Output all the data below verbatim.

(Short web captions)
___
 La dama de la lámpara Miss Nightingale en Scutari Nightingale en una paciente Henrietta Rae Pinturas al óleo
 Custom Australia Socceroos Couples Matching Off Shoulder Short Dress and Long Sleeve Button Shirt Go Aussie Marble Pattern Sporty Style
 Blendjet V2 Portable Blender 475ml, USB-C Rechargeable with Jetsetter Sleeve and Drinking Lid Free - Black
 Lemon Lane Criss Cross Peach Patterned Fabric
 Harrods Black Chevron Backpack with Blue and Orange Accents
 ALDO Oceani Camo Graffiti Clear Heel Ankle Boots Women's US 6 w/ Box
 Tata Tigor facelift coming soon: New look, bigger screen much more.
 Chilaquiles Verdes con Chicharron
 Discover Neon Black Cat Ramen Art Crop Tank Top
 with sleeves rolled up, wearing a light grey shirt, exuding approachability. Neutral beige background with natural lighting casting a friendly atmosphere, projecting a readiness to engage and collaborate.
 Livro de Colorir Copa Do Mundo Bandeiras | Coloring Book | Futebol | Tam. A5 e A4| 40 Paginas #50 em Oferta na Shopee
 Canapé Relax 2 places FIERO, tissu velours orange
___
### RESPONSE FOR THIS EXERCISE
 La dama de la lámpara Miss Nightingale en Scutari Nightingale en una paciente Henrietta Rae Pinturas al óleo
 Custom Australia Socceroos Couples Matching Off Shoulder Short Dress and Long Sleeve Button Shirt Go Aussie Marble Pattern Sporty Style
 Blendjet V2 Portable Blender 475ml, USB-C Rechargeable with Jetsetter Sleeve and Drinking Lid Free - Black
 Lemon Lane Criss Cross Peach Patterned Fabric
 Harrods Black Chevron Backpack with Blue and Orange Accents
 ALDO Oceani Camo Graffiti Clear Heel Ankle Boots Women's US 6 w/ Box
 Tata Tigor facelift coming soon: New look, bigger screen much more.
 Chilaquiles Verdes con Chicharron
 Discover Neon Black Cat Ramen Art Crop Tank Top
 with sleeves rolled up, wearing a light grey shirt, exuding approachability. Neutral beige background with natural lighting casting a friendly atmosphere, projecting a readiness to engage and collaborate.
 Livro de Colorir Copa Do Mundo Bandeiras | Coloring Book | Futebol | Tam. A5 e A4| 40 Paginas #50 em Oferta na Shopee
 Canapé Relax 2 places FIERO, tissu velours orange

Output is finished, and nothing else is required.